What you will do
Transcribe, exactly and without pictures, the lines below from the line with "TaylorMade AeroBurner TP" to the line with "Cazadora Para Mujer BL6485", both ends included, and no others.

Listed entries
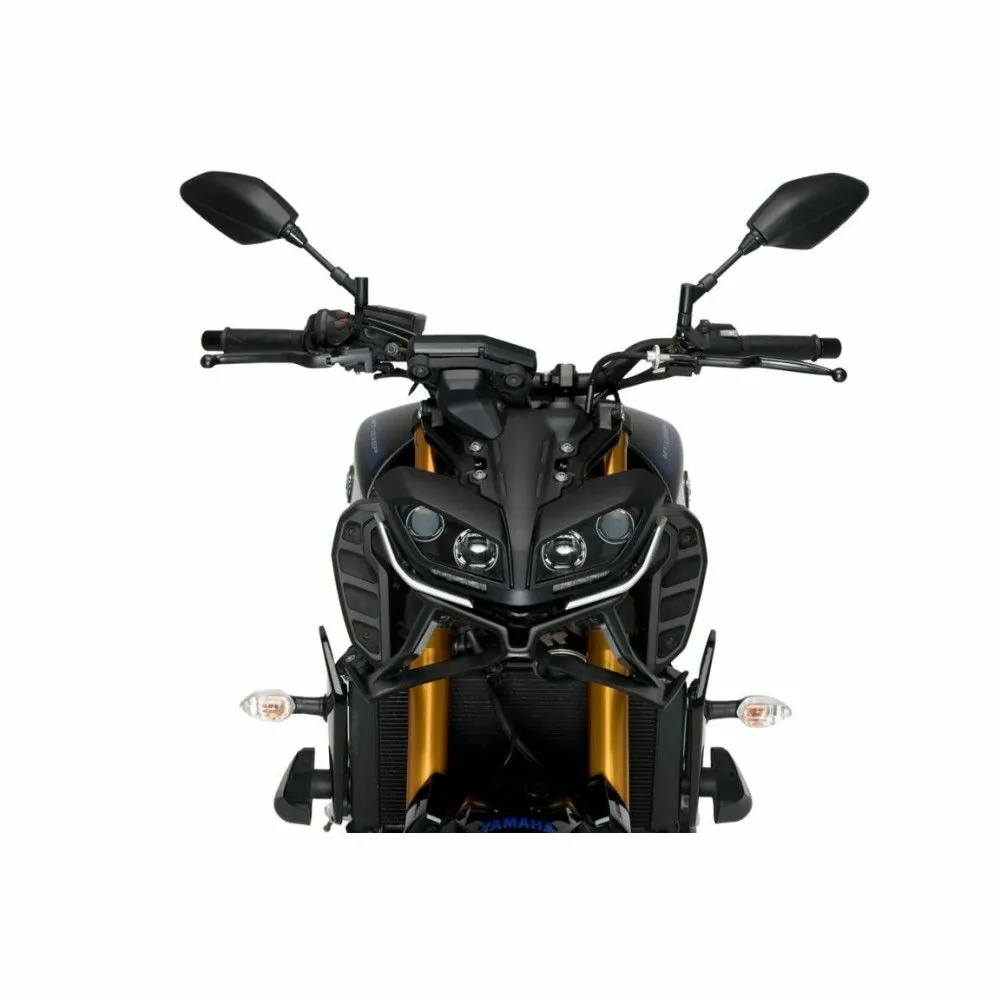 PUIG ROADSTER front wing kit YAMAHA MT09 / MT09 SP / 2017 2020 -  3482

==

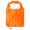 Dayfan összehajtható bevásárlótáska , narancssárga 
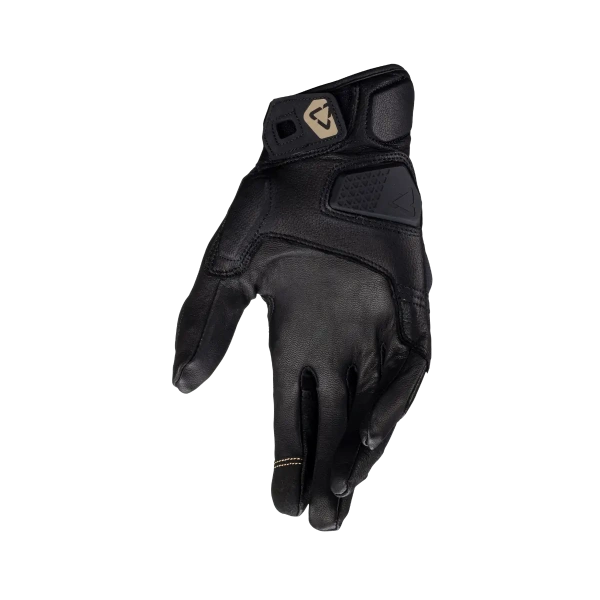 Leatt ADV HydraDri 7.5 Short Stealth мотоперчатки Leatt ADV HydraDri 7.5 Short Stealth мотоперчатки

...

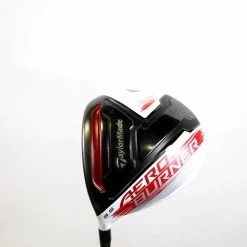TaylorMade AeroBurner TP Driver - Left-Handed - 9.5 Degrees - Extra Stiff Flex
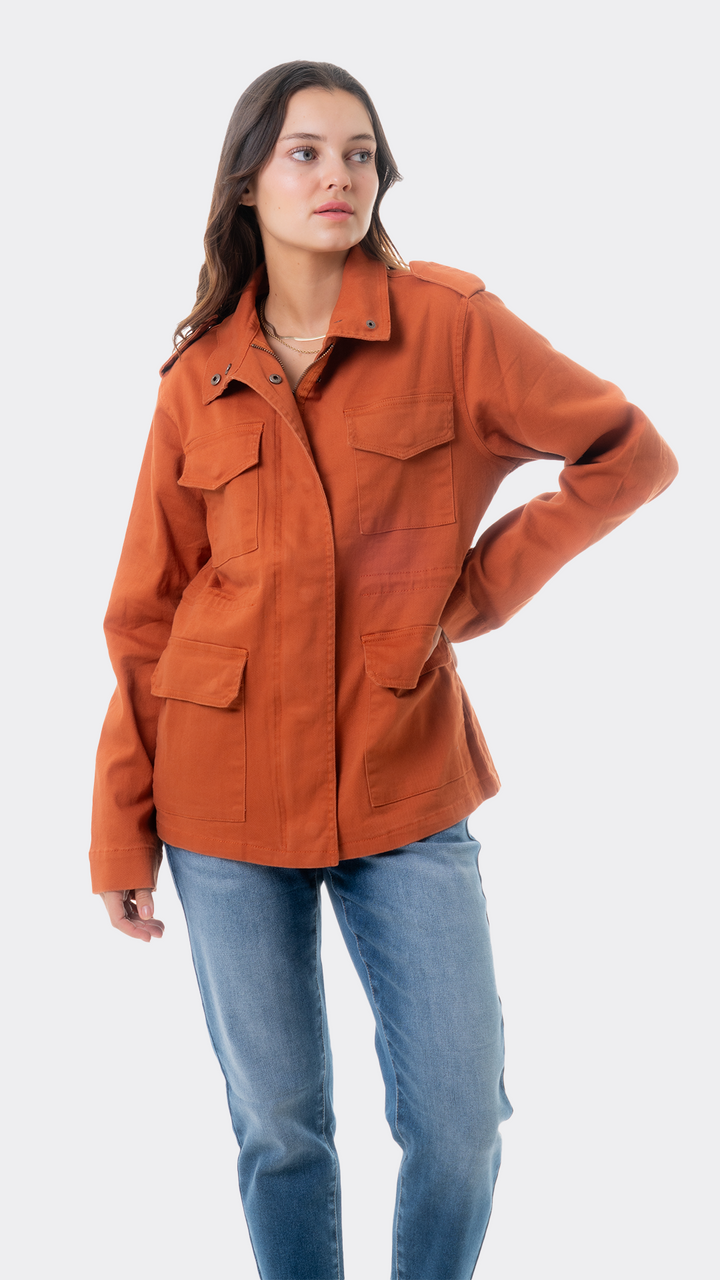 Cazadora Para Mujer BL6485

Reply
TaylorMade AeroBurner TP Driver - Left-Handed - 9.5 Degrees - Extra Stiff Flex
 Cazadora Para Mujer BL6485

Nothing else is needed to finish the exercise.